WERNER MORANDELL. IT
Founder and Winemaker Lieselehof
Born in 1954, in the heart of the Italian Alps, Werner Morandell is one of the pioneers of sustainable viticulture. Since a young age, Morandell helped his father in the family’s vineyards and decided in 1993 to dedicate himself fully to his lifelong hobby of wine making. Quickly he realised the overuse and abuse of pesticides in viticulture and switched to organic methods. In 1998, Werner finds out about PIWI vines (vines resistant to Mildew and Peronospora) and decides to plant the first PIWI vineyard of Italy in 2002. Ever since, the pioneer has converted 80% of LIESELEHOF’s land into PIWI vineyards and was the vice-president of PIWI International and PIWI South Tyrol for more than 15 years altogether.
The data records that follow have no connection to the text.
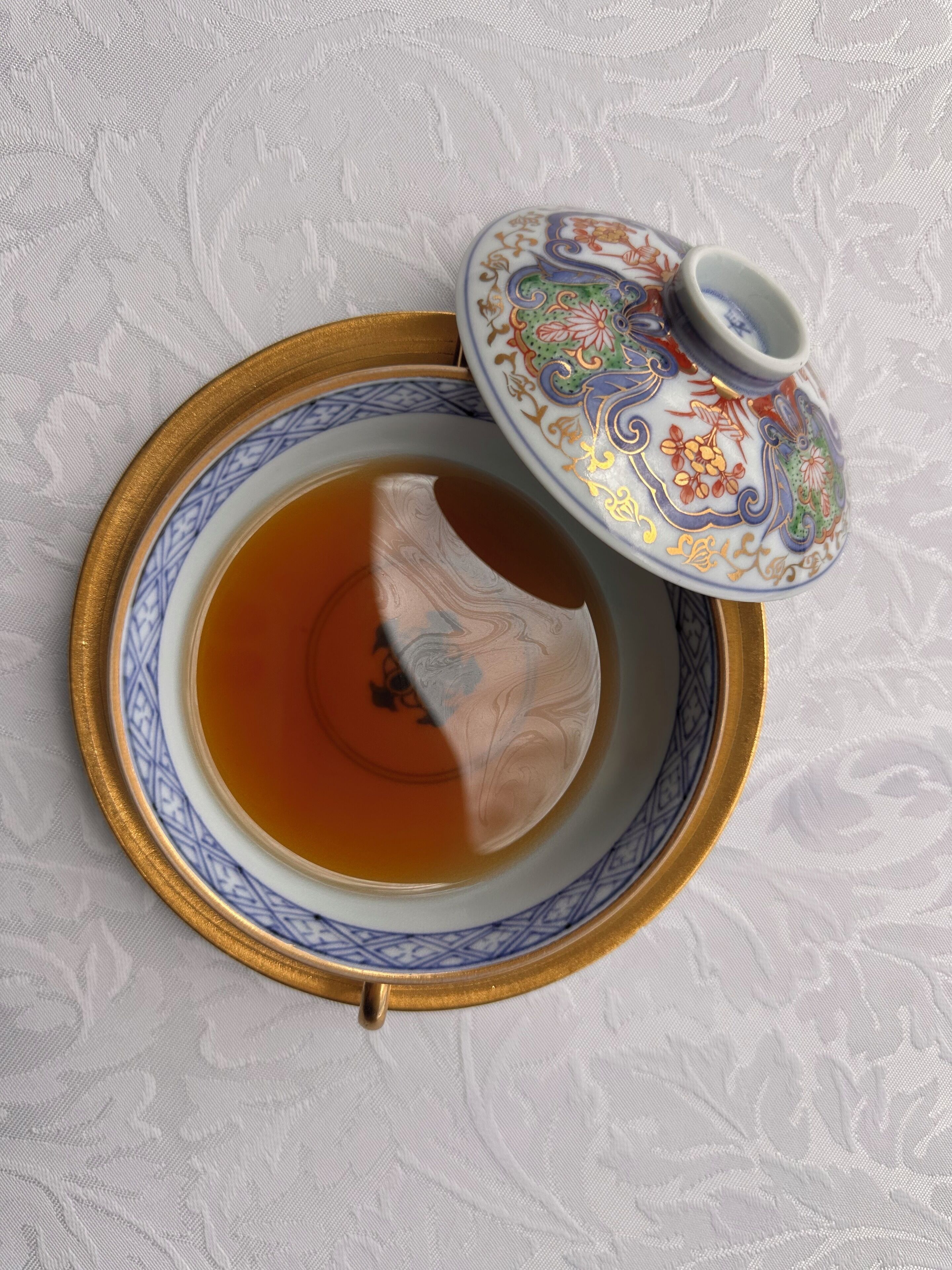Une théière avec un couvercle, posée sur une table recouverte d’une nappe à motifs.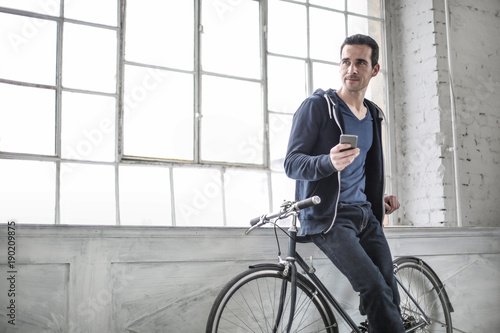 Man sitting on his bicycle, using his smart phone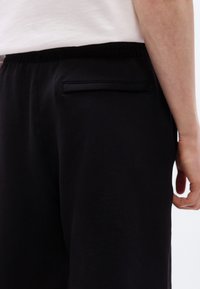 Άτομο που φοράει μαύρο παντελόνι με τσέπη welt στο πίσω μέρος και λευκό πουκάμισο, στέκεται με το χέρι χαλαρό δίπλα στο σώμα.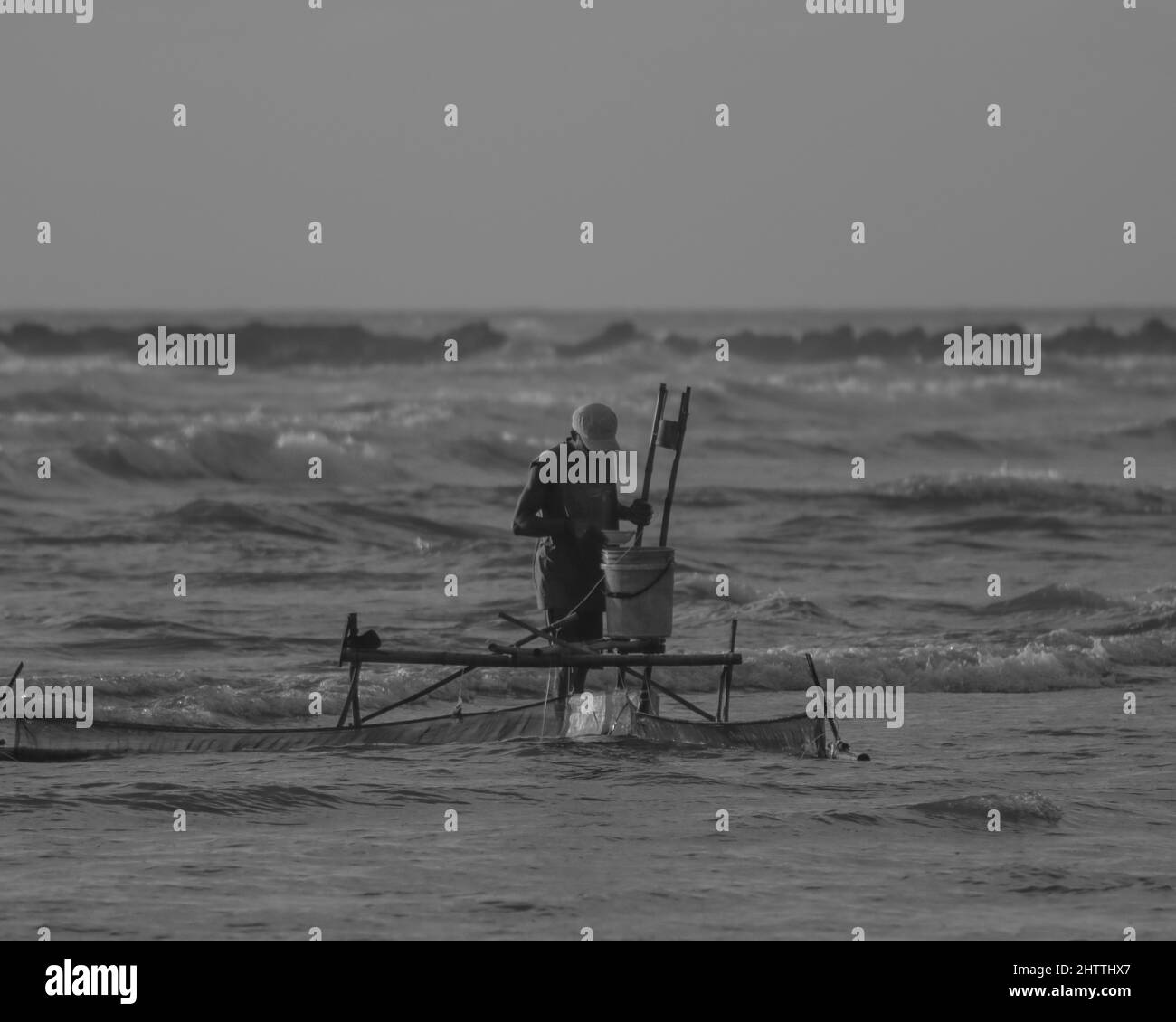 Photo noir et blanc d'un pêcheur qui attrape du poisson dans l'eau Banque D'Images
PIWI International was the first association to promote pesticide free viticulture. As of today Werner Morandell has participated in many important conferences regarding sustainable viticulture and published two books covering this crucial topic.
His life’s work has enabled wine producers all over Europe to pursue a clean and healthy form of producing wines.
Today, at LIESELEHOF Winery, Morandell and his two sons produce award winning red, white and sparkling wines on the hills and mountains of the South Tyrolean Alps between 200 and 1250m.a.s.l. reducing the use of pesticides and chemicals between 90%-100%.